Jacques de Ville in “Revisiting Plato’s pharmacy” analyses a text of Derrida which played an important role in the early reception of Derrida in the legal context. By analysing the relation between this text of Derrida and a number of Freud’s texts relating to dreams, sexuality, desire, and death, the author shows the importance of a certain reading of Freud in understanding ‘Plato’s pharmacy’ [8, pp. 67–186]. In the essay, the speech/writing opposition is explored again, and Freud’s death drive is invoked to understand the notion of arche-writing which according to Derrida lies at the ‘pre-origin’ of this opposition.
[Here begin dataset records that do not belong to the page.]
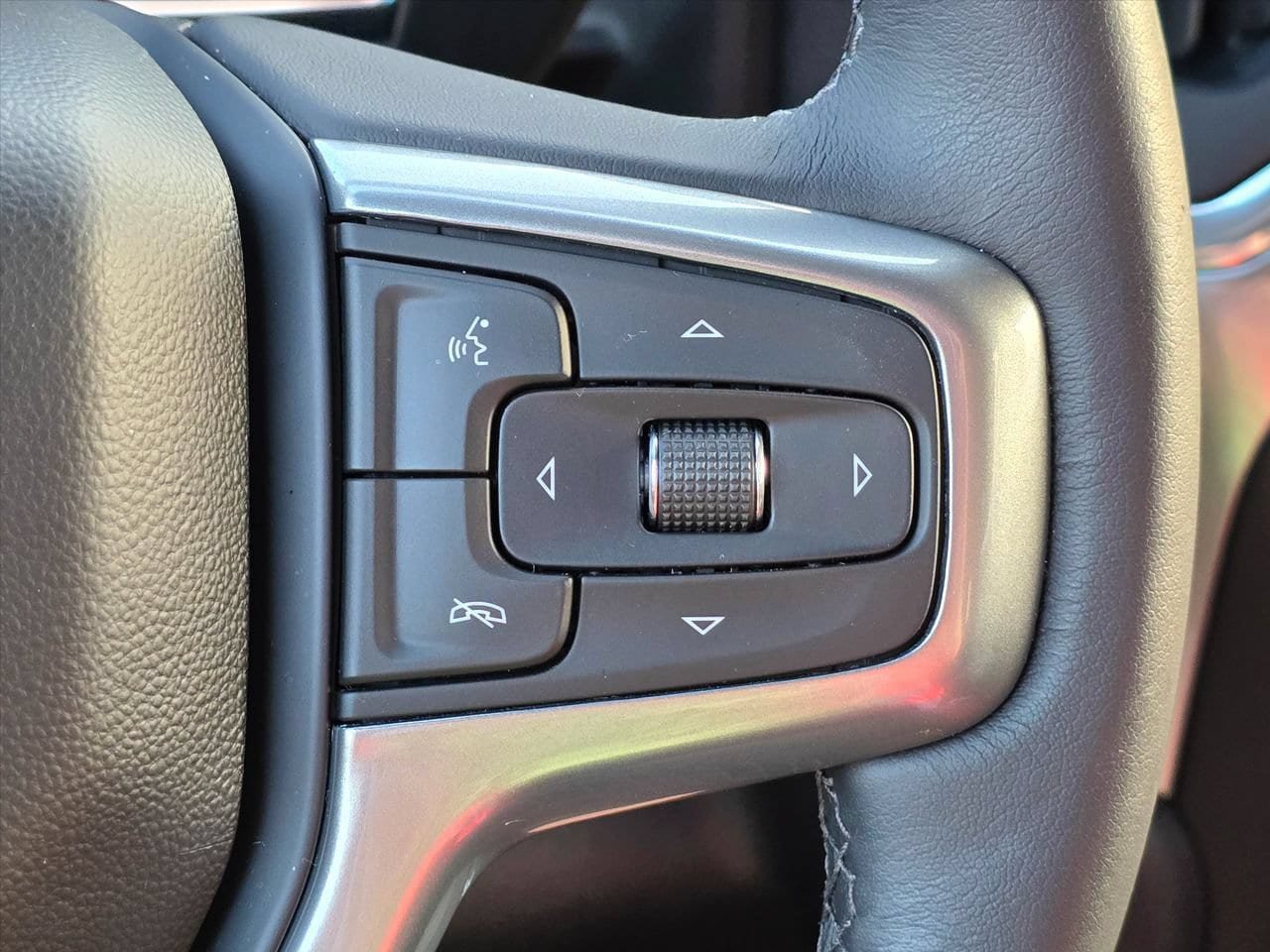 Used 2022 Chevrolet Silverado 1500 LTZ w/ LTZ Premium Package AWD/4WD image 30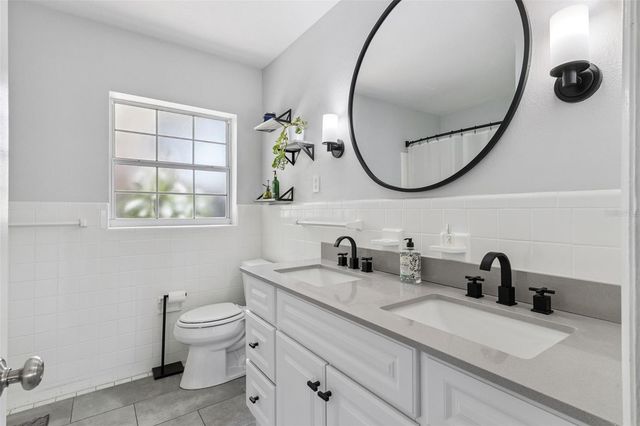 3010 CARMIA DRIVE, Orlando, FL 32806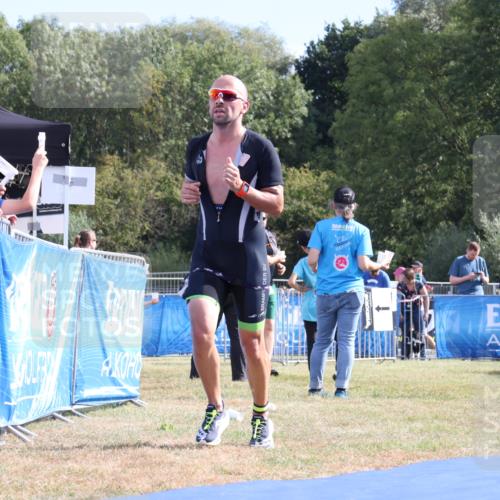 31.08.2025 - Elbe Triathlon Hamburg Strokosch-Dieckow http://msf.ph/oto/8651186 31.08.2025 10:39:36 Ziel 258, 318 meine-sportfotos.de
The pharmakon and the pharmakos, as well as Derrida’s deconstruction of the metaphysical inside/outside distinction, can similarly be better understood with reference to Freud’s reflections on the death drive. The movement from mythos to logos is likewise shown to involve a ‘casting out’ of that which is on the ‘inside’, to the ‘outside’, that is, of (the desire for) death. In comparing this early text of Derrida with Force of law [1], the author shows that the pharmakon has a similar structure as ‘justice’. In the case of both ‘concepts’, a desire for presence, privileged by metaphysics, as well as a ‘desire’ for death, ‘suppressed’ by metaphysics, are at stake. In Derrida’s analysis of these concepts it is shown that the two desires are in a differantial relation with each other. Both these desires in other words ‘inhabit’ these concepts and at the same time lead to their auto-destruction. This has extremely important implications for law, ethics, and politics.